Throwing or rotating motions. Pain during overhead throwing motions or when rotating your arm outward can indicate labral tears or instability issues.

Also tell your doctor what helps. Ice, heat, over-the-counter pain relievers, resting the arm, or specific positions that ease the pain are all useful information.

List the Activities You Can’t Do

Doctors assess shoulder problems partly by how much they affect your daily function. Instead of saying “I can’t use my arm,” get specific. Think through your typical day and note which tasks have become difficult or impossible:

  • Lifting objects away from your body or overhead
  • Reaching into a back seat or across your body
  • Getting dressed, particularly putting on jackets or pulling shirts overhead
  • Sleeping on the affected side
  • Carrying grocery bags or a briefcase
  • Brushing or styling your hair
  • Exercise or sports you’ve had to stop

Weakness is distinct from pain, and your doctor needs to know about both. If you can physically move your arm through a motion but it hurts, that’s different from being unable to complete the motion at all. If your arm feels weak when lifting or rotating, even without much pain, that’s an important detail. Rotator cuff tears typically cause weakness and instability rather than the pure stiffness you see with frozen shoulder.

Bring a Written Summary

Appointments move fast, and pain is hard to describe on the spot. Write down the key details before you go. A simple one-page note covering location, pain quality, your 0-to-10 rating, the timeline, your triggers, and your functional limitations gives your doctor everything they need in the first two minutes of the visit. You can hand it over or read from it.
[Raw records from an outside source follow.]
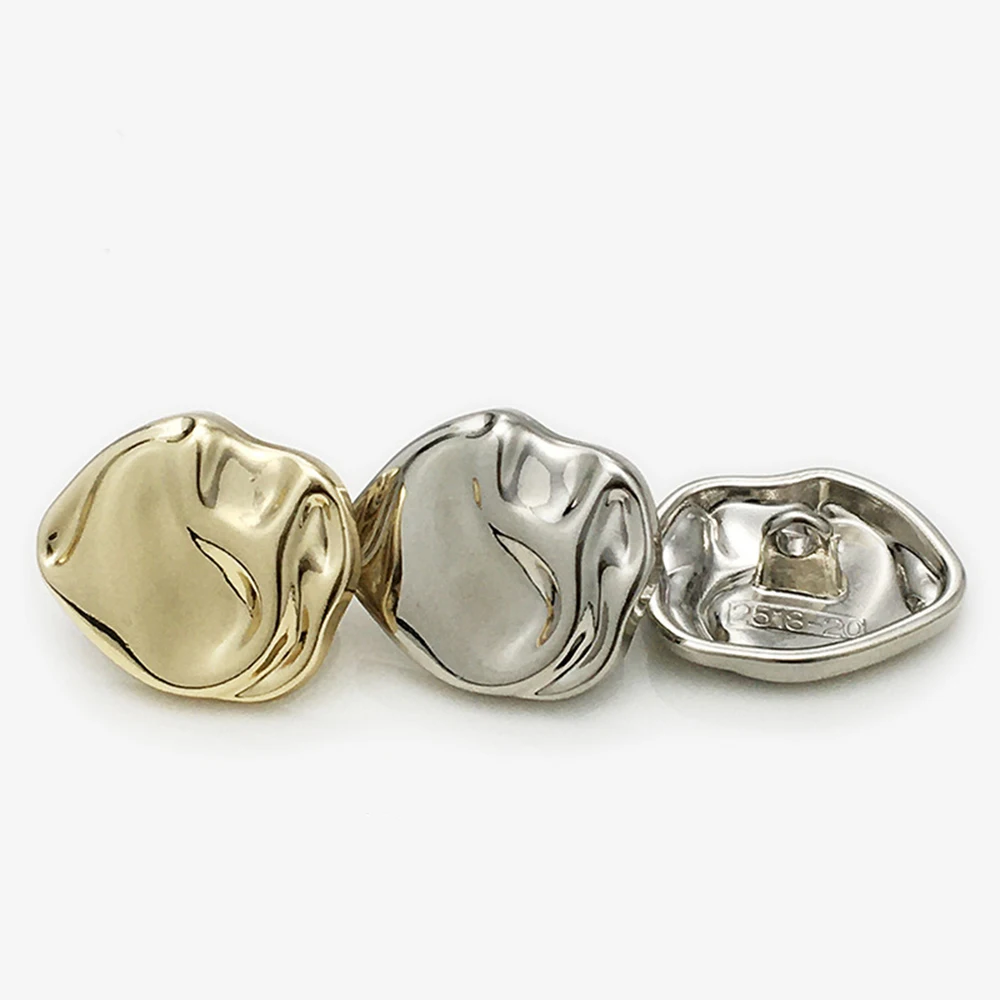Unique Retro Asymmetrical Metal Coat Buttons, 10pcs 12/17/22mm Irregular Shaped Buttons for Jacket/Suit/Sweater DIY Gold/Silver 4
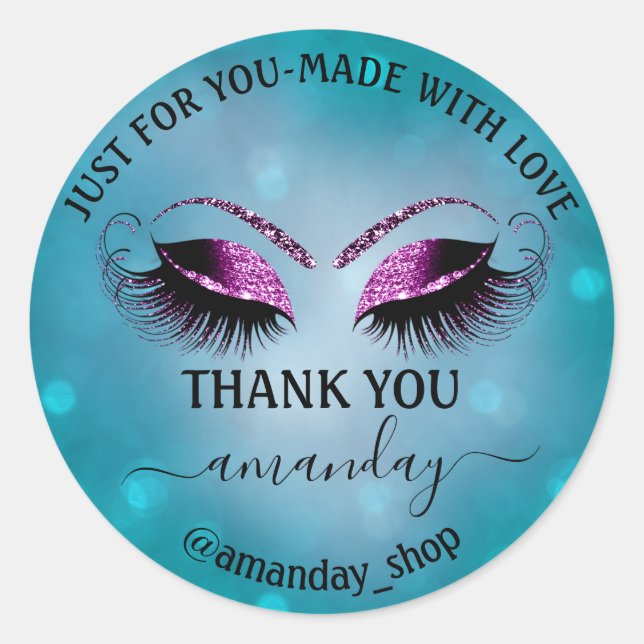 Sticker Rond Nom de remerciement Boutique Eyelash Boutique Turq (Devant)
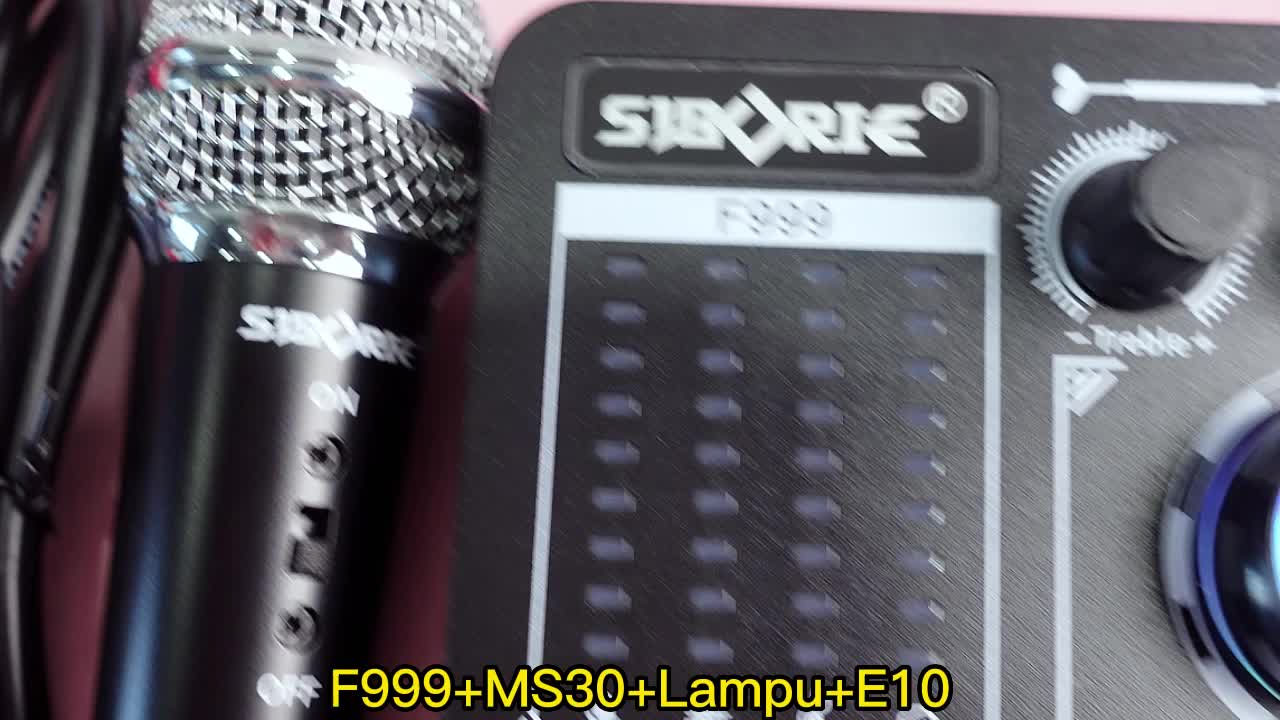 Gonew【Free headset】F999 soundcard+MS30 mic+Lampu+E10 headset Full set 4 in 1 Siap COD
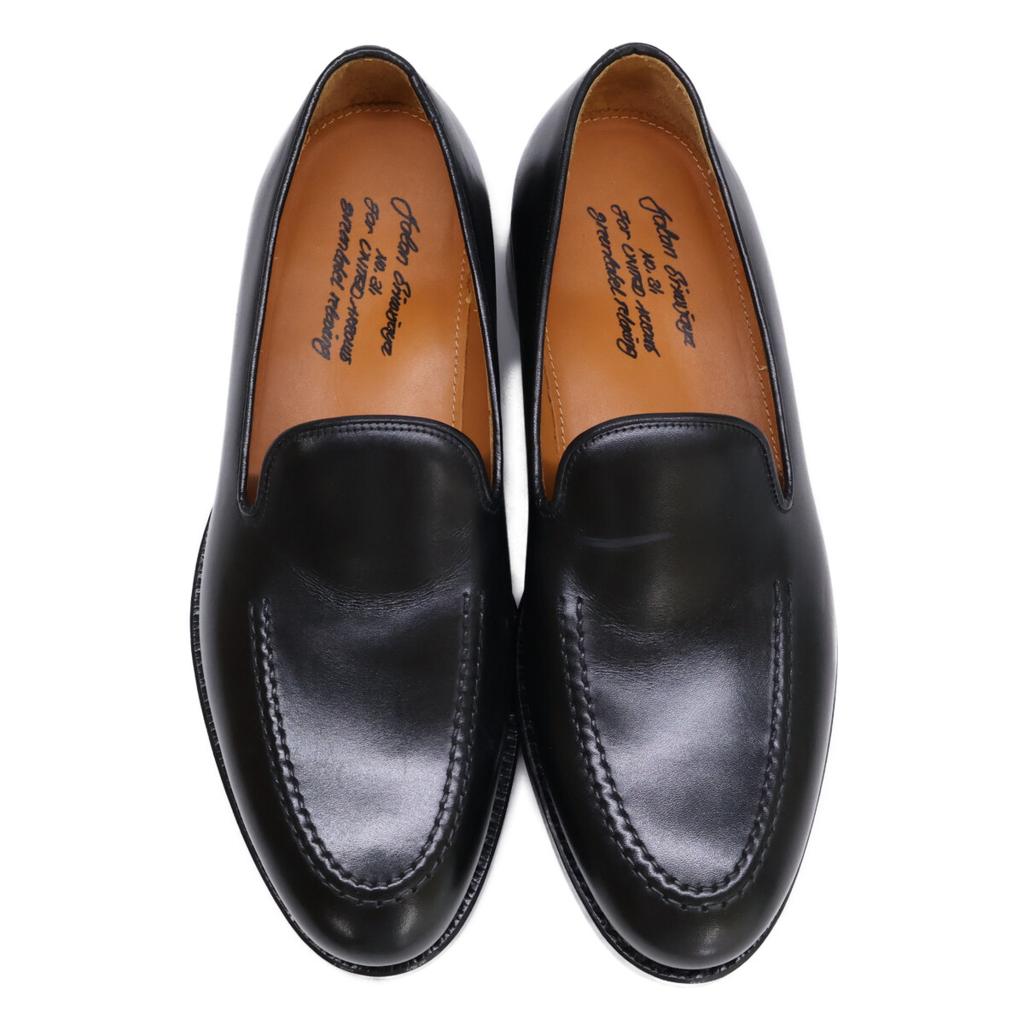 JALAN SRIWIJAYA Green Label Relaxing Special Order 98957 Dupuy Calfskin Mock Slip-on Loafers Shoes 39 blackUsed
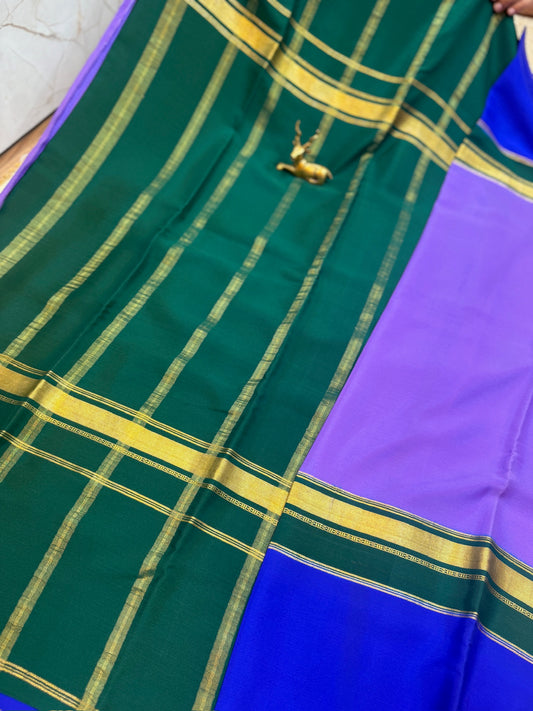Pure Crepe Mysore Silk Saree with Bentex Border | Purple with Blue border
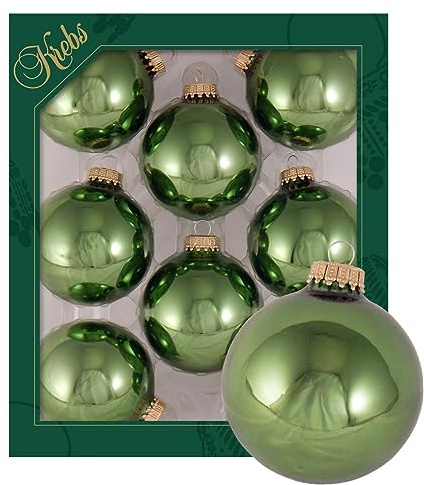 Krebs Glas Lauscha - Weihnachtsdekoration/Christbaumschmuck aus Glas - Unifarbende Kugeln Grüner Dschungelglanz - Menge: 8 Stück - Farbe: Dschungelgrün Glanz - Größe: ca. 7 cm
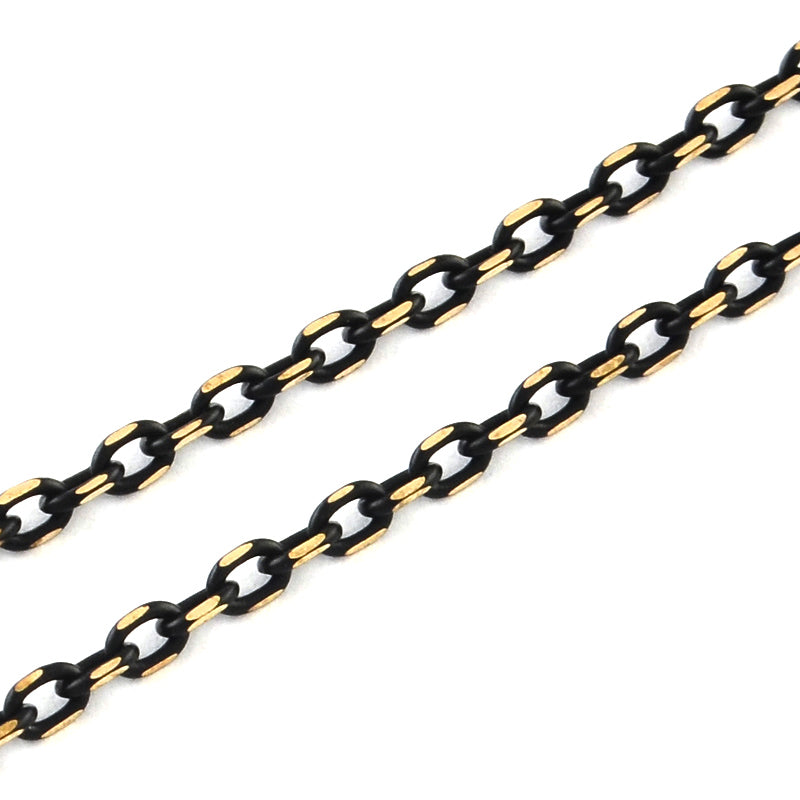 Black and Gold Rectangle Cable 2.5x3.5mm Chain by Foot (3 feet minimum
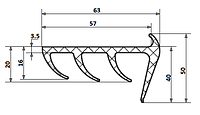 Профиль уплотнительный для рефрижератора (57мм)
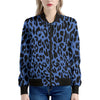 Blue Leopard Print Women's Bomber Jacket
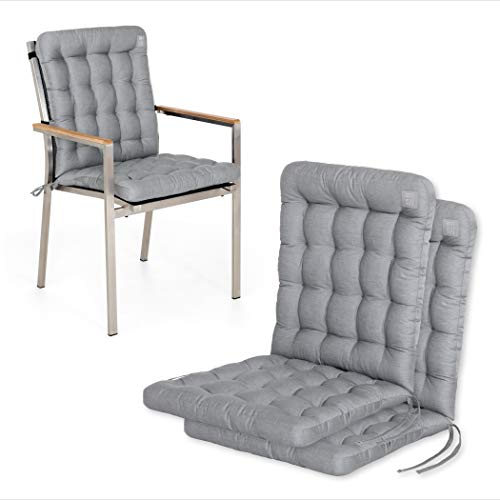 HAVE A SEAT Luxury | Gartenstuhlauflage Niedriglehner (2 St.) - Bequeme Sitzauflage Gartenstuhl - orthopädisch, wetterfest, waschbar bis 95° C - Made in Germany (2er Set - 100x48 cm, Hellgrau)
Include any previous treatments you’ve tried (physical therapy, injections, braces), imaging you’ve already had, and whether you’ve experienced similar episodes before. If the pain followed a specific injury, note what happened in as much detail as you can recall: the position of your arm, the direction of the force, and whether you heard or felt anything at the moment of injury.

One practical trick: in the days before your appointment, keep a brief pain diary on your phone. Note the time, what you were doing, and how bad it was on the 0-to-10 scale. Even three or four days of entries reveal patterns you might not notice otherwise, and they give your doctor real data instead of your best guess from memory.